Since then, the Court has returned to that theme and has declared that a Bivens action will not lie when Congress has created "comprehensive procedural and substantive provisions giving meaningful remedies against the United States. . . ." Bush v. Lucas, 462 U.S. 367, 368, 103 S.Ct. 2404, 2406 (1983) (refusing to permit federal employee a damages cause of action out of an employment relationship on grounds that civil service damages are available); see also Schweiker v. Chilicky, 487 U.S. 412, 414, 108 S.Ct. 2460, 2463 (1988) (persons who were wrongfully denied Social Security disability benefits as a result of alleged unconstitutional conduct of federal officials were precluded from bringing a Bivens action because Congress had devised an "elaborate remedial scheme"). Moreover, the fact that the courts could create a more complete remedy for the asserted wrong does not mean that they should, for "Congress is in a better position to decide whether or not the public interest would be served by creating it." Bush, 462 U.S. at 390, 103 S.Ct. at 2417; see also Chilicky, 487 U.S. at 424-25.

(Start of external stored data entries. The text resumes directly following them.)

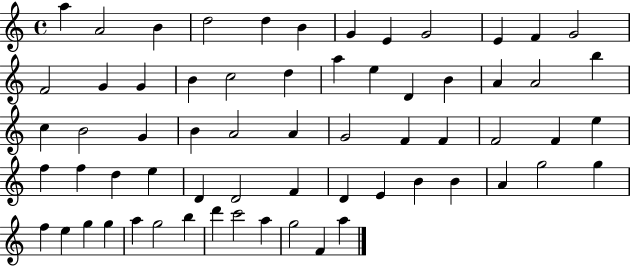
A5/q A4/h B4/q D5/h D5/q B4/q G4/q E4/q G4/h E4/q F4/q G4/h F4/h G4/q G4/q B4/q C5/h D5/q A5/q E5/q D4/q B4/q A4/q A4/h B5/q C5/q B4/h G4/q B4/q A4/h A4/q G4/h F4/q F4/q F4/h F4/q E5/q F5/q F5/q D5/q E5/q D4/q D4/h F4/q D4/q E4/q B4/q B4/q A4/q G5/h G5/q F5/q E5/q G5/q G5/q A5/q G5/h B5/q D6/q C6/h A5/q G5/h F4/q A5/q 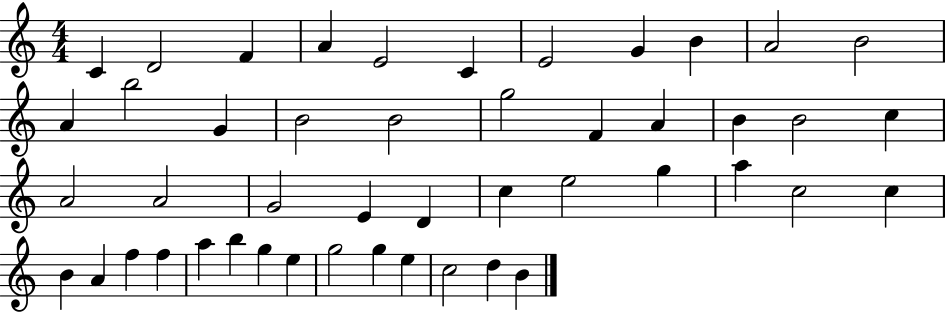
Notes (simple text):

C4/q D4/h F4/q A4/q E4/h C4/q E4/h G4/q B4/q A4/h B4/h A4/q B5/h G4/q B4/h B4/h G5/h F4/q A4/q B4/q B4/h C5/q A4/h A4/h G4/h E4/q D4/q C5/q E5/h G5/q A5/q C5/h C5/q B4/q A4/q F5/q F5/q A5/q B5/q G5/q E5/q G5/h G5/q E5/q C5/h D5/q B4/q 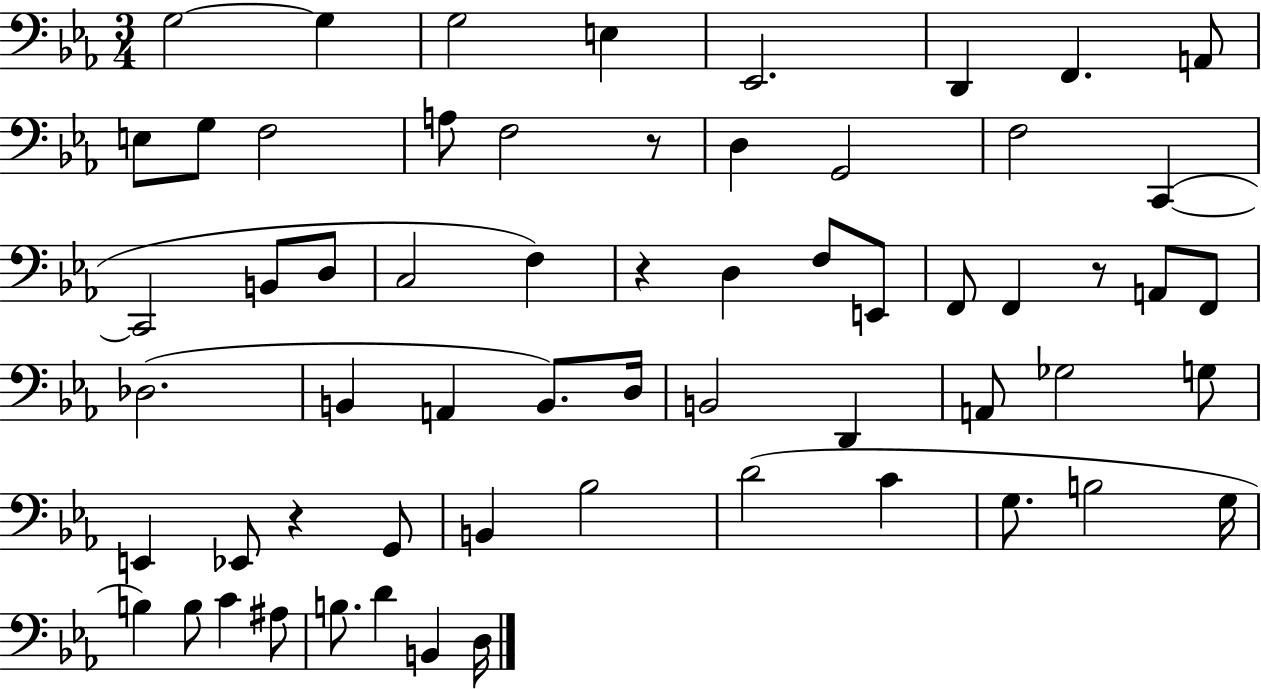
G3/h G3/q G3/h E3/q Eb2/h. D2/q F2/q. A2/e E3/e G3/e F3/h A3/e F3/h R/e D3/q G2/h F3/h C2/q C2/h B2/e D3/e C3/h F3/q R/q D3/q F3/e E2/e F2/e F2/q R/e A2/e F2/e Db3/h. B2/q A2/q B2/e. D3/s B2/h D2/q A2/e Gb3/h G3/e E2/q Eb2/e R/q G2/e B2/q Bb3/h D4/h C4/q G3/e. B3/h G3/s B3/q B3/e C4/q A#3/e B3/e. D4/q B2/q D3/s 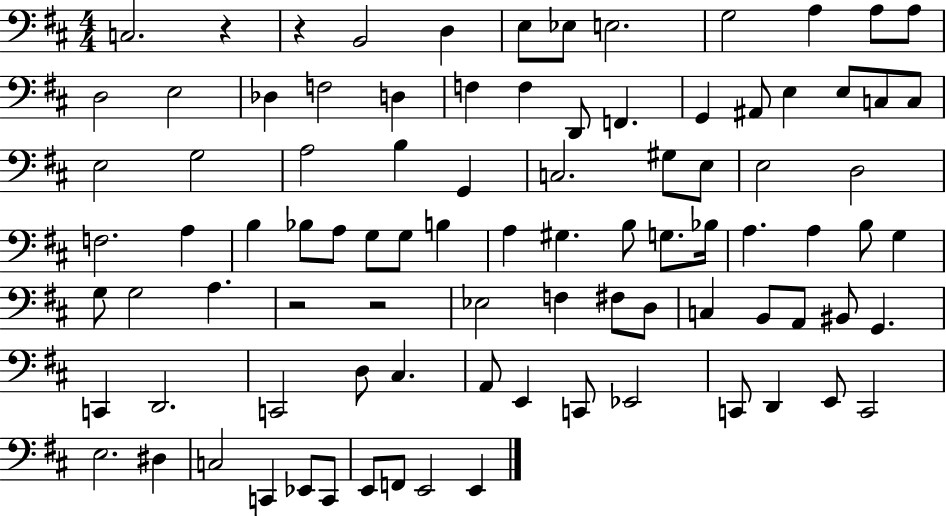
{
  \clef bass
  \numericTimeSignature
  \time 4/4
  \key d \major
  c2. r4 | r4 b,2 d4 | e8 ees8 e2. | g2 a4 a8 a8 | \break d2 e2 | des4 f2 d4 | f4 f4 d,8 f,4. | g,4 ais,8 e4 e8 c8 c8 | \break e2 g2 | a2 b4 g,4 | c2. gis8 e8 | e2 d2 | \break f2. a4 | b4 bes8 a8 g8 g8 b4 | a4 gis4. b8 g8. bes16 | a4. a4 b8 g4 | \break g8 g2 a4. | r2 r2 | ees2 f4 fis8 d8 | c4 b,8 a,8 bis,8 g,4. | \break c,4 d,2. | c,2 d8 cis4. | a,8 e,4 c,8 ees,2 | c,8 d,4 e,8 c,2 | \break e2. dis4 | c2 c,4 ees,8 c,8 | e,8 f,8 e,2 e,4 | \bar "|."
}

The Ninth Circuit has followed the Supreme Court's lead, summaring the law as follows:

The Supreme Court has made clear the propriety of according great deference to Congress in devising remedial schemes. . . . When Congress has created a statutory remedy for potential harms, the courts must refrain from implying non-statutory causes of actions such as Bivens. In obeying the Court's directive to show deference to Congress, we [have] held . . . that if there is some statutory mechanism for remedying harm . . . non-statutory claims are barred.
Berry v. Hollander, 925 F.2d 311, 316 (9th Cir. 1991); see also Janicki Logging Co. v. Mateer, 42 F.3d 561, 564 (9th Cir. 1994); Saul v. United States, 928 F.2d 829, 840 (9th Cir. 1991).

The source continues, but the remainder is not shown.